Technically, a representative sample requires only whatever percentage of the statistical population is necessary to replicate as closely as possible the quality or characteristic being studied or analyzed. For example, in a population of 1,000 that is made up of 600 men and 400 women used in an analysis of buying trends by gender, a representative sample can consist of a mere five members, three men and two women, or 0.5 percent of the population. However, while this sample is nominally representative of the larger population, it is likely to result in a high degree of sampling error when making inferences regarding the larger population because it is so small.
Sampling error is an unavoidable consequence of employing samples to analyze a larger group. Obtaining data from them is a process that is limited and incomplete by its very nature. But because it is so often necessary given the limited availability of resources, economic analysts employ methods that can reduce sampling error to statistically negligible levels.

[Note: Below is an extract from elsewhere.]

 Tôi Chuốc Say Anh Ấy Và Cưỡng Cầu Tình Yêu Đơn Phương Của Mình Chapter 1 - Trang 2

While representative sampling is one of the most effective methods used to reduce error, it is often not enough to do so sufficiently its own.
One strategy used in combination with representative sampling is making sure that the sample is big enough to optimally reduce error. And while, in general, the larger the subgroup, the more likely that error is reduced, at a certain point, the reduction becomes so minimal that it does not justify the additional expense necessary to make the sample larger.

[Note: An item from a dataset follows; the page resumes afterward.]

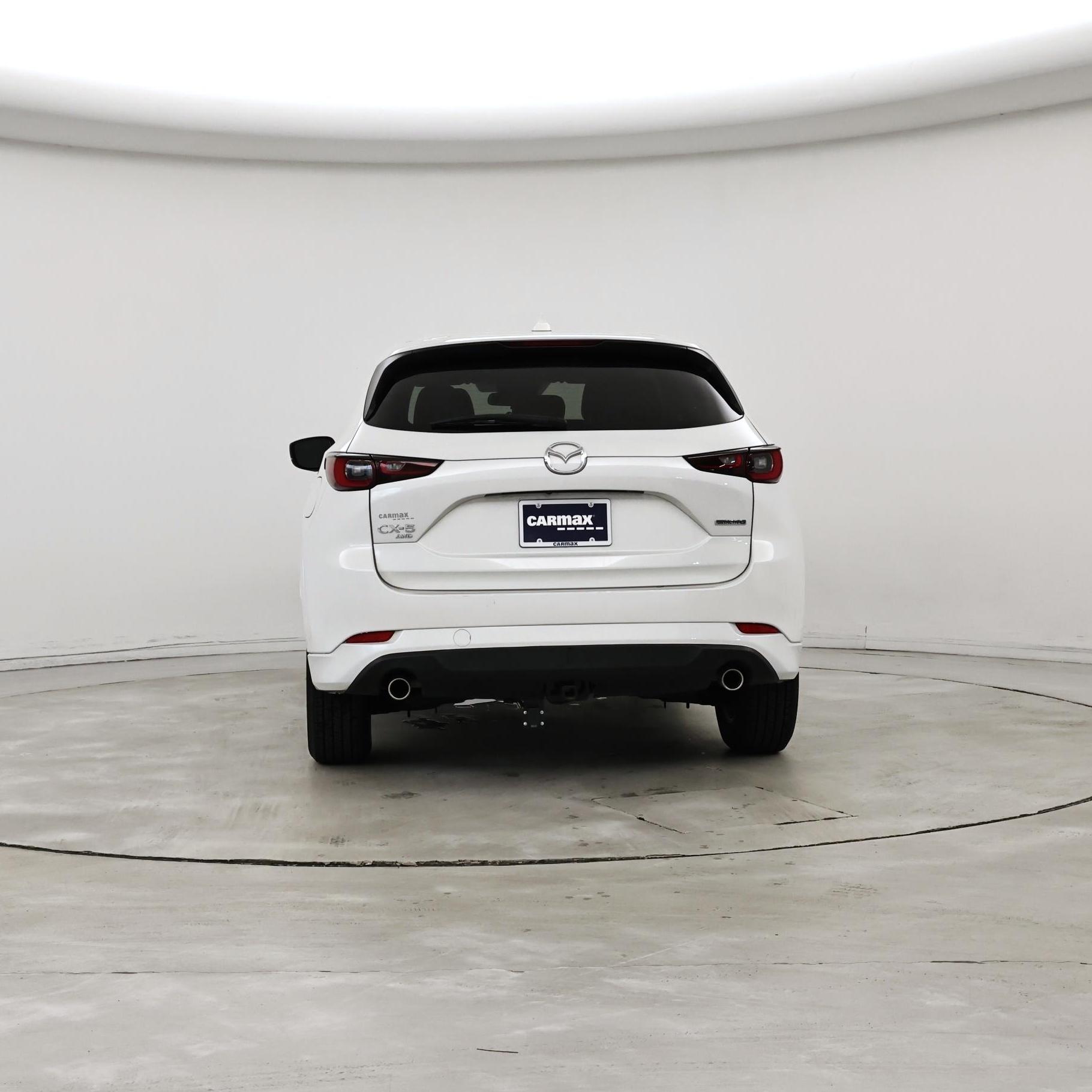 Thumbnail: 2025 Mazda CX-5 - 6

Just as the use of a technically representative but tiny sample is not enough to reduce sampling error on its own, simply choosing a large group without taking representation into account may lead to even more flawed results than using the small representative sample. Returning to the example above, a group of 600 males is statistically useless on its own when analyzing gender differences in buying trends.
Surprisingly, the sampling fraction has very little to do with the error of the results when random sampling is used. The main determinant of error is the absolute sample size, not the sample size relative to the population size.